I want to put the uniting theme of the book as a failure of idealism, but there's the troubling fact that Canudos, as Llosa presents it, basically works as an idealist society before it's squashed. Is it a story specifying the conditions for ideology's success then? Well, the town works nearly in spite of the loopy counselor and his inner core of whackos; and the various other modes of belief presented in it could have similar interpretations. There's a more-or-less effective Brazilian state or of a more-or-less successful mutualism going on in town.(It happens that the faithful follower of Proudhon has no hope of understanding it, but he is also sort of right about it.) Is it about the correctness of that faith, of that brand of libertarianism? No, the counselor's specific objections to the Republic are basically silly (at best a well-motivated misunderstanding), and Gall is a philosphically ineffectual but personally monstrous buffoon (his ideas are cast off as naive and he unrepentently fails to practice them when it comes to individual people--he's a real Alden Pyle type). Is it a contrast between European (Gall's) vs. Brazilian ideas of liberty? Not really--it'd take some familiarity with European history to use "Jacobin" as an epithet for the political ascendents. Speaking of the rapist Gall, is the message to put the abuse of women and the poor in the inevitable denominator of society? Well not even that: a woman is the other character lucky enough to catch an epiphany through all that; the poor rebels were happy as well as oppressed; and the rich had their successes and failures too. It's maybe all of those things. Or maybe it's just given as a bunch of stuff that happened, with a healthy nod to how things relate to ideologies, but aren't really.

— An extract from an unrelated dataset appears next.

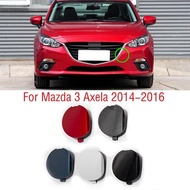 |”}》: ฝาที่ครอบตะขอลากกันชนหน้ารถสำหรับ Mazda 3 Axela 2014 2015 2016รถพ่วงลากแผ่นปิดตาฝาสีดำสีขาวสีเงินสีแดง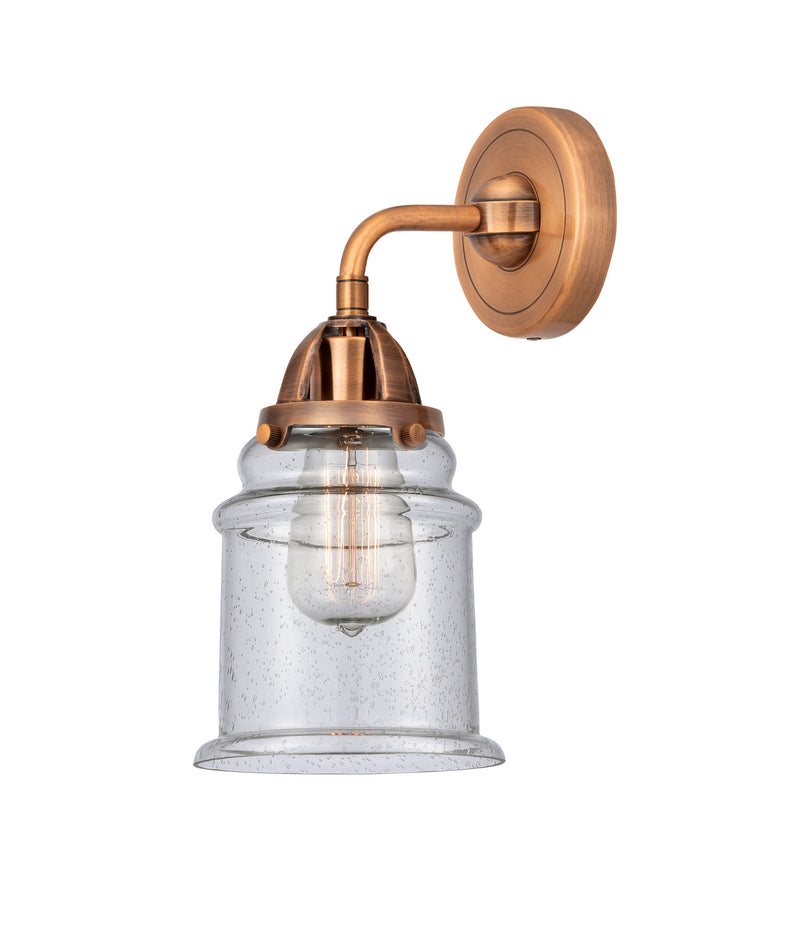 Innovations 288-1W-AC-G184 One Light Wall Sconce, Antique Copper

I'll have you know that it's a bitch to type out all of those special characters, and I found the early abundance tilded, carated, and accent-marked proper nouns (the first 50 Brazilians that you meet are all named either Antônio or João) for which I had little feeling of a correct pronunciation to be an extra difficulty. Add to this that I didn't have a good intuition for the geography, and was learning fast to loathe this redheaded Scottish asshole featured so prominently at the front end of the book, and the first 75 pages was actually a bit of a slog. After that, however, (and maybe because I was home and had time to read) I caught the groove of it, and the book suddenly flew. I enjoyed the rest of the novel enough to go back and reread the first parts, which no longer seemed so slow.
The geography issue wasn't the backlands of Bahia, which are presented in great fine detail. As I mentioned yesterday, I got a distinct Victor Hugo vibe from their description, as Llosa lovingly and condescendingly re-introduces to the reader these superstitious country folks that modern society has stopped thinking about. He gets across that we're in an arid climate of scrub forest and Andean pampas in this part of the country. No, what I really missed here was any useful contrast between that and the coastal parts of Bahia. I didn't get a good picture of Salvador as an urbane, cosmopolitan place, and it took a while to figure out that Queimadas was the railway terminus, the cutoff point between civilization and the rest of the state. I mean, Llosa is writing to a South American audience which has some of the requisite cultural baggage, and that's all fine, but I kept thinking that if this was straight fiction instead of the historical variety, I'd have been content to have it spelled a little clearer. In a great departure from the inability of the characters of the novel to communicate with each other and the difficulty they had in traveling out there, I scouted out Canudos and environs with Google Maps, and it helped a lot.